Incidem, na espécie, os óbices das Súmulas 279 e 280 do STF, segundo as quais: “Para simples reexame de prova não cabe recurso extraordinárioe “Por ofensa a direito local não cabe recurso extraordinário. Nesse sentido:


AGRAVO REGIMENTAL NO RECURSO EXTRAORDINÁRIO COM AGRAVO. DIREITO AMBIENTAL. AÇÃO CIVIL PÚBLICA. OBRA PARA RECUPERAÇÃO DE IMÓVEL. IMPOSSIBILIDADE DE REEXAME DO CONJUNTO FÁTICO-PROBATÓRIO E DA LEGISLAÇÃO LOCAL: SÚMULAS 279 E 280 DO SUPREMO TRIBUNAL FEDERAL. AGRAVO REGIMENTAL AO QUAL SE NEGA PROVIMENTO. (ARE 1.085.165-AgR, Rel. Min. Cármen Lúcia, Plenário,DJede 26/03/2018)

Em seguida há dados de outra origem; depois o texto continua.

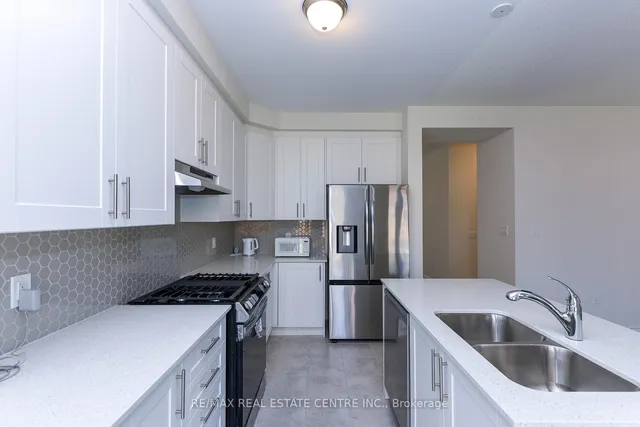 Additional image 33 of 611 Bearberry Pl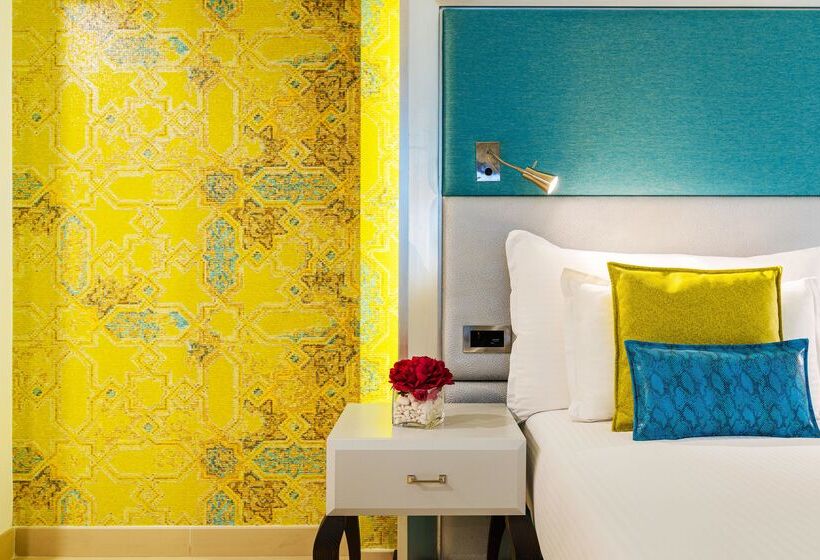 اتاق راحتی, Ax The Palace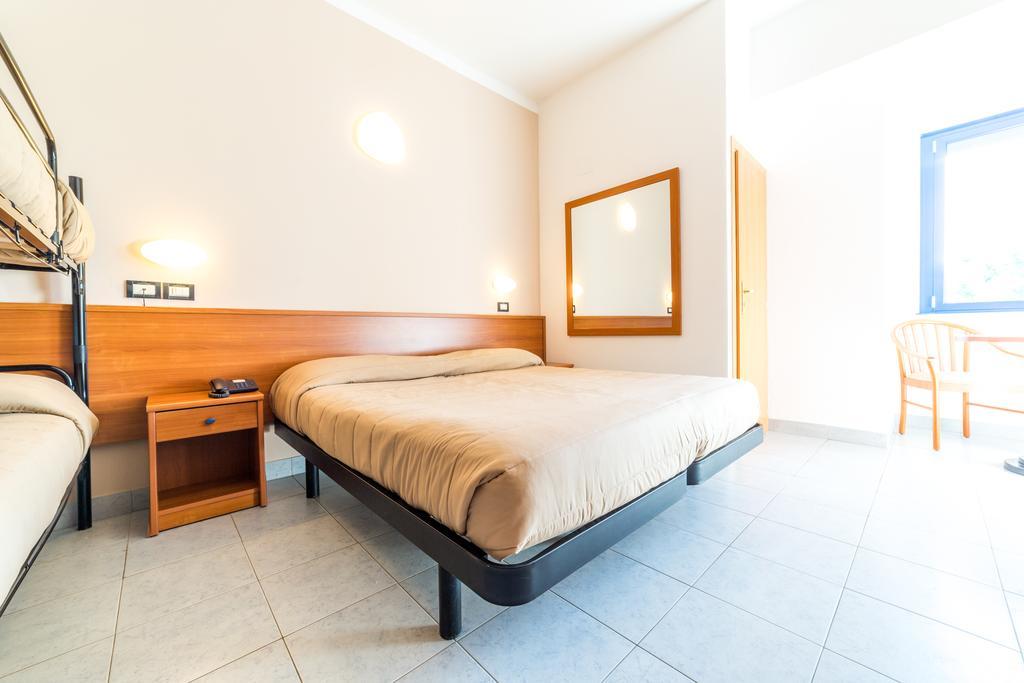 Meridiana Family & Nature Hotel Marina Romea Rum bild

RECURSO EXTRAORDINÁRIO COM AGRAVO – ALEGADA VIOLAÇÃO A PRECEITOS CONSTITUCIONAIS – DIREITO LOCAL – SÚMULA 280/STF – REEXAME DE FATOS E PROVAS – IMPOSSIBILIDADE – SÚMULA 279/STF – SUCUMBÊNCIA RECURSAL (CPC, ART. 85, § 11) – NÃO DECRETAÇÃO, NO CASO, POR TRATAR-SE DE RECURSO DEDUZIDO CONTRA DECISÃO PUBLICADA SOB A ÉGIDE DO CPC/73 – AGRAVO INTERNO IMPROVIDO”. (ARE 949.507-AgR, Rel. Min. Celso de Mello, Segunda Turma, DJede 09/10/2020)

Ante o exposto, nego seguimento ao recurso (alínea c do inciso V do art. 13 do Regimento Interno do Supremo Tribunal Federal).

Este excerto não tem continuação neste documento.